Showing posts with label Apache Cassandra. Show all posts
Showing posts with label Apache Cassandra. Show all posts

Tuesday, October 14, 2014

Comparing complexity of a BTree index to an SSTable index(Cassandra)

When we compare a BTree index to an SSTable index, we should consider the write complexity:
  • When writing randomly to a copy-on-write BTree, we will incur random reads (to do the copy of the leaf node and path). So while the writes my be sequential on disk, for datasets larger than RAM, these random reads will quickly become the bottle neck. For a SSTable-like index, no such read occurs on write - there will only be the sequential writes.
  • We should also consider that in the worse case, every update to a BTree could incur log_b N IOs - that is, we could end up writing 3 or 4 blocks for every key. If key size is much less than block size, this is extremely expensive. For an SSTable-like index, each write IO will contain as many fresh keys as it can, so the IO cost for each key is more like 1/B.
In practice, this make SSTable-like thousands of times faster (for random writes) than BTrees.
We should also re-consider we read costs. We are correct than a BTree is O(log_b N) random IOs for random point reads, but a SSTable-like index is actually O(#sstables . log_b N). Without an decent merge scheme, #sstables is proportional to N. There are various tricks to get round this (using Bloom Filters, for instance used in Cassandra)

Tuesday, August 12, 2014

SSTable Format in Cassandra

Cassandra creates a new SSTable when the data of a column family in Memtable is flushed to disk. SSTable stands for Sorted Strings Table a concept borrowed from Google BigTable which stores a set of immutable row fragments in sorted order based on row keys. SSTable files of a column family are stored in its respective column family directory.

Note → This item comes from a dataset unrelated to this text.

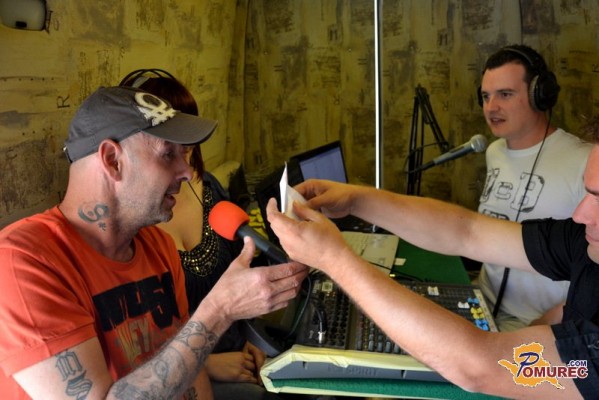 FOTO: Radio Maxi v živo pred Pomaranča barom v Murski Soboti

The data in a SSTable is organized in six types of component files.  The format of a SSTable component file is
<keyspace>-<column family>-[tmp marker]-<version>-<generation>-<component>.db

<keyspace> and <column family> fields represent the Keyspace and column family of the SSTable, <version> is an alphabetic string which represents SSTable storage format version,<generation> is an index number which is incremented every time a new SSTable is created for a column family and <component> represents the type of information stored in the file. The optional"tmp" marker in the file name indicates that the file is still being created. The six SSTable components are Data, Index, Filter, Summary, CompressionInfo and Statistics.

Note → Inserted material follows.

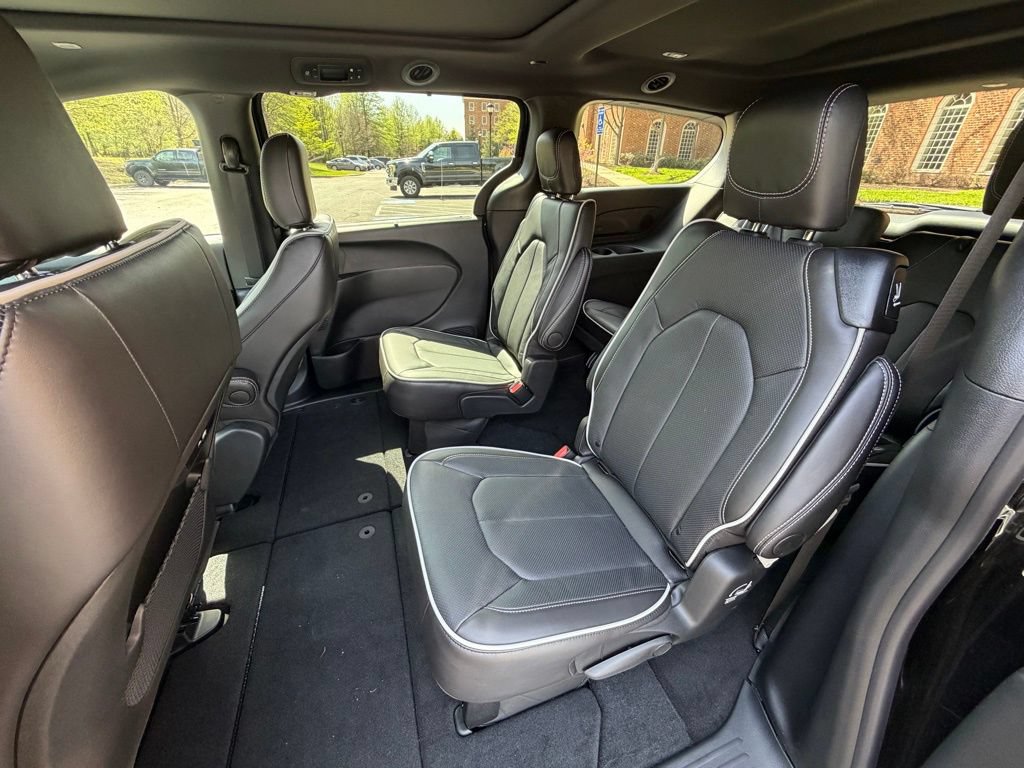 New 2026 Chrysler Pacifica Limited w/ S Appearance Package FWD image 11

For example, I created a column family data in Keyspace usertable using cassandra-cli and inserted 1000 rows {user0, user1,...user999} with Cassandra version 1.2.5.

create keyspace usertable with placement_strategy = 'org.apache.cassandra.locator.SimpleStrategy' and strategy_options = {replication_factor:1};
use usertable;
create column family data with comparator=UTF8Type;

The SSTables under cassandra/data/usertable/data directory: 

usertable-data-ic-1-CompressionInfo.db
usertable-data-ic-1-Data.db
usertable-data-ic-1-Filter.db
usertable-data-ic-1-Index.db
usertable-data-ic-1-Statistics.db
usertable-data-ic-1-Summary.db
usertable-data-ic-1-TOC.txt

In the above SSTable listing, the SSTable storage format version is ic, generation number is 1. The usertable-data-ic-1-TOC.txt contains the list of components for the SSTable.

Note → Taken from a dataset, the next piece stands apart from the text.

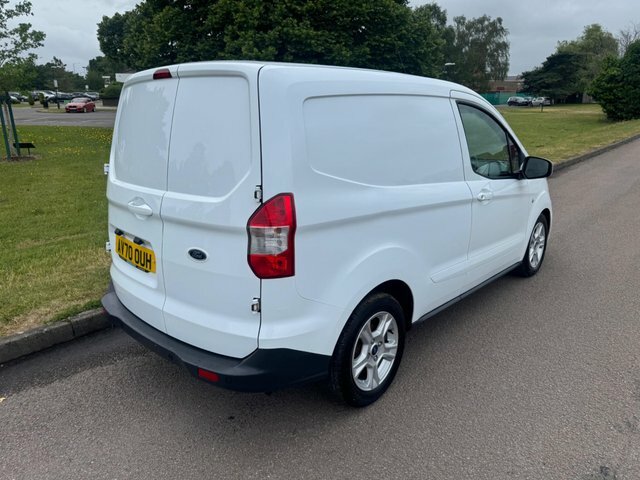Ford Transit Courier Courier White #7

Data file stores the base data of SSTable which contains the set of rows and their columns. For each row, it stores the row key, data size, column names bloom filter, columns index, row level tombstone information, column count, and the list of columns.  The columns are stored in sorted order by their names. Filter file stores the row keys bloom filter.

Index file contains the SSTable Index which maps row keys to their respective offsets in the Data file. Row keys are stored in sorted order and each row key is associated with an index entry which includes the position in the Data file where its data is stored. New versions of SSTable (version "ia" and above), promoted additional row level information from Data file to the index entry to improve performance for wide rows. A row's columns index, and its tombstone information are also included in its index entry. SSTable version "ic" also stores column names bloom filter in the index entry.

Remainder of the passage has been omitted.